L' estetica trascendentale

di Daniele Lo Giudice

La critica della ragion pura comprende una dottrina trascendentale degli elementi ed una dottrina trascendentale del metodo.
Occorre chiarire che significa trascendentale per Kant e non confonderlo con trascendente.
Il termine trascendente deriva dalla filosofia scolastica medioevale e viene utilizzato per parlare di enti che trascendono, ovvero vanno al di là dell'esperienza, al pari di Dio, spiriti, angeli e così via.
Anche trascendentale deriva dalla scolastica, ma sta ad indicare un predicato che, per la sua universalità, trascende le stesse categorie, ovvero i sommi generi: trascendentali sono il vero ed il bene.
In Kant, il termine trascendentale assume un significato diverso e significa ciò che precede qualunque esperienza ed allo stesso tempo ne indica le condizioni. E' sinonimo di a priori puro.
Da questo significato principale del termine, che non designa più oggetti esterni ma condizioni interne al soggetto che pensa, deriva pertanto un secondo significato: quello per cui la conoscenza non si occupa degli oggetti, delle cose, ma di come li conosciamo.
Detto questo, possiamo capire che la dottrina trascendentale degli elementi è lo studio delle forme trascendentali, cioè a priori, del pensiero.
Il metodo trascendentale è lo studio del modo con cui la ragione costruisce il sistema completo delle conoscenze.

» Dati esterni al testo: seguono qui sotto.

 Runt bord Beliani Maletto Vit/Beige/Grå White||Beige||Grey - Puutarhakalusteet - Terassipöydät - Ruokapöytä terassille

La dottrina trascendentale degli elementi viene suddivisa da Kant in due parti: a) l'estetica trascendentale, b) la logica trascendentale.

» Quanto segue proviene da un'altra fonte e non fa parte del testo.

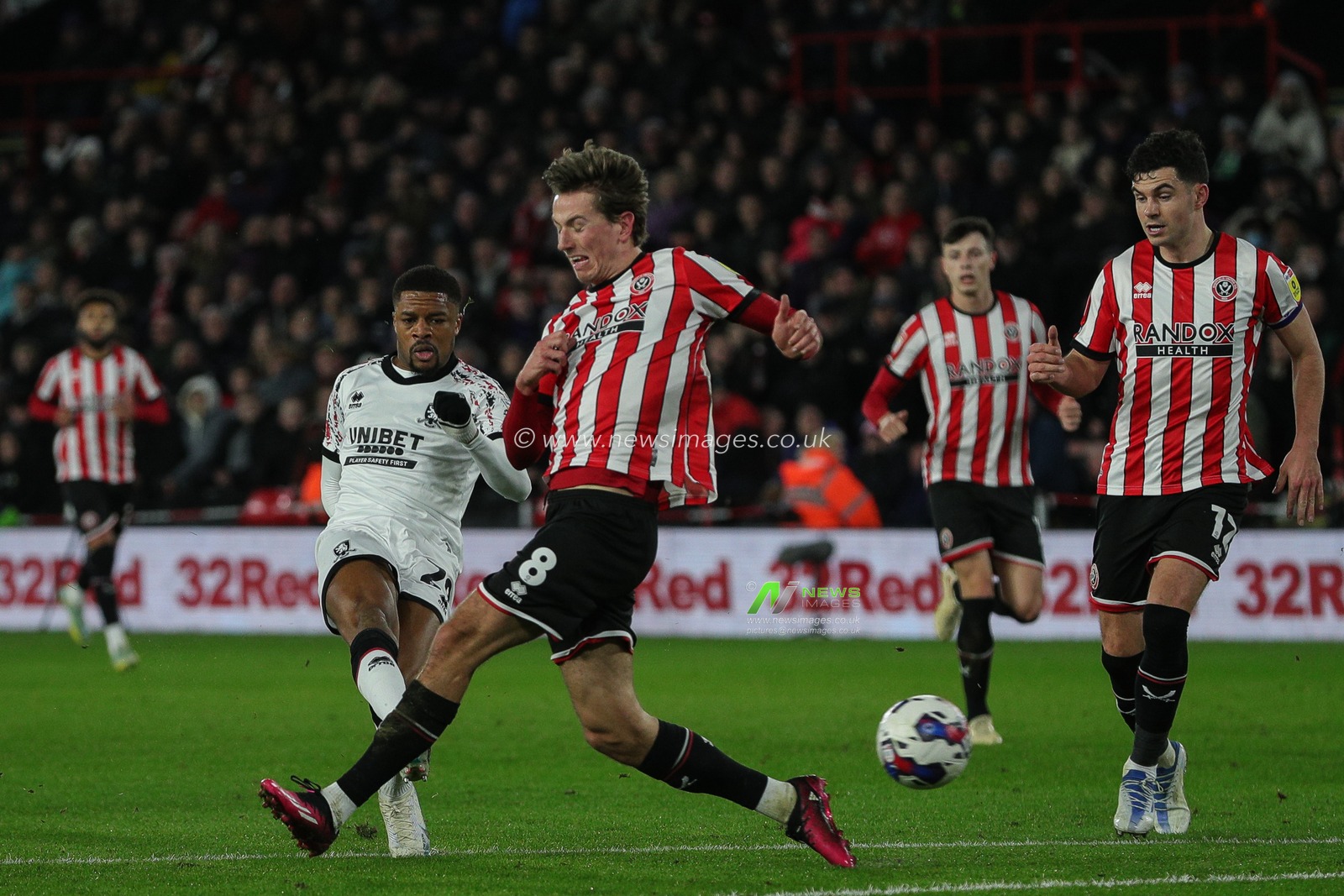 Chuba Akpom #29 of Middlesbrough takes a shot but goes wide during the Sky Bet Championship match Sheffield United vs Middlesbrough at Bramall Lane, Sheffield, United Kingdom, 15th February 2023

L'estetica, termine che Baumgarten aveva introdotto per definire una scienza del bello, è riportata da Kant al suo significato di scienza della sensibilità, in modo più conforme al significato della parola greca àisthesis (sensazione, percezione sensoriale).
La sensibiltà è per Kant la ricezione che la particolare costituzione umana consente delle cose esterne. Ma gli atti conoscitivi veri e propri sono le intuizioni, ovvero le conoscenze immediate e dirette dei loro oggetti.
Ma questi stessi oggetti non sono le cose esterne, esistenti in sè, bensì gli effetti che esse producono sulla nostra sensibilità.
Vediamo come lo stesso Kant parla di questo: «L'effetto di un oggetto sulla capacità rappresentativa, in quanto noi ne veniamo colpiti, è la sensazione. L'intuizione che si riferisce all'oggetto mediante una sensazione, dicesi empirica. L'oggetto indeterminato di una intuizione empirica prende il nome di fenomeno. Nel fenomeno chiamo materia ciò che corrisponde alla sensazione; ciò che, invece, fa sì che il molteplice del fenomeno possa essere ordinato in precisi rapporti, chiamo forma del fenomeno. Poichè ciò in cui soltanto le sensazioni si ordinano e possono essere poste in una determinata forma, non può, a sua volta, essere sensazione, ne viene che la materia di ogni fenomeno ci è data solamente a posteriori, ma la forma relativa deve trovarsi per tutti i fenomeni già a priori nell'animo e deve pertanto essere considerata separatamente da ogni sensazione. [....] Di conseguenza, la forma pura delle intuizioni sensibili in generale si troverà a priori nell'animo, ed in essa verrà intuito, in precisi rapporti, tutto il molteplice dei fenomeni. » (1)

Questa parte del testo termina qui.